FH (fumarate hydratase) is a protein-coding gene located on chromosome 1q43.

The protein encoded by this gene is an enzymatic component of the citric acid cycle (tricarboxylic acid cycle/TCA) Catalyzes the hydration of fumarate to L-malate in the tricarboxylic acid cycle (TCA) to facilitate a transition step in energy production in the form of NADH (Ajalla Aleixo MA et al. 2019). Fumarate is a byproduct of the urea cycle and amino acid catabolism.

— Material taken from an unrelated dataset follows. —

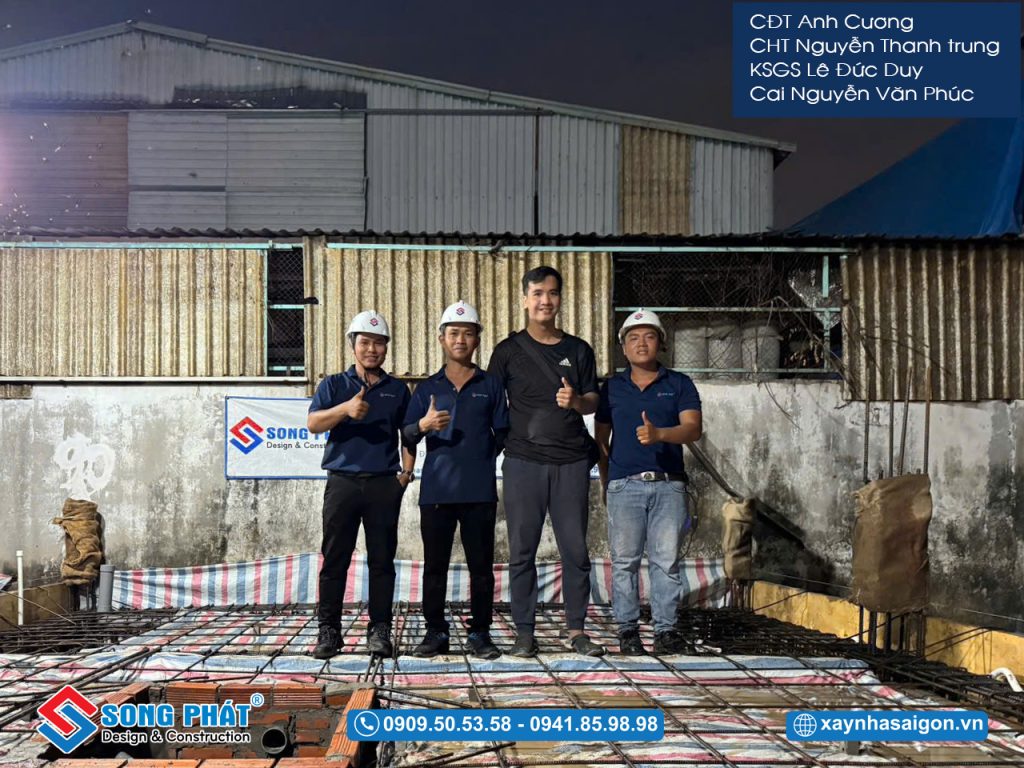 Đội ngũ Song Phát có mặt kiểm tra thép sàn hoàn thiện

It exists in both a cytosolic form and an N-terminal extended form, differing only in the translational start site used. The N-terminal extended form is destined for the mitochondrion, where removal of the extension results in the same form as in the cytoplasm.

Mutations in this gene can cause fumarase deficiency and lead to progressive encephalopathy. Furthermore, Hereditary Leiomyomatosis And Renal Cell Cancer is associated with mutations in this gene. Also plays a role in DNA repair by promoting non-homologous end joining (NHEJ) (Jiang Y et al. 2015; Yogev O et al. 2010).

1. Ajalla Aleixo MA et al (2019) Structural, biochemical and biophysical characterization of recombinant human fumarate hydratase. FEBS J 286:1925-1940.
2. Jiang Y et al (2015) Local generation of fumarate promotes DNA repair through inhibition of histone H3 demethylation. Nat Cell Biol 17:1158-1168.
3. Yogev O et al (2010) Fumarase: a mitochondrial metabolic enzyme and a cytosolic/nuclear component of the DNA damage response. PLoS Biol 8:e1000328.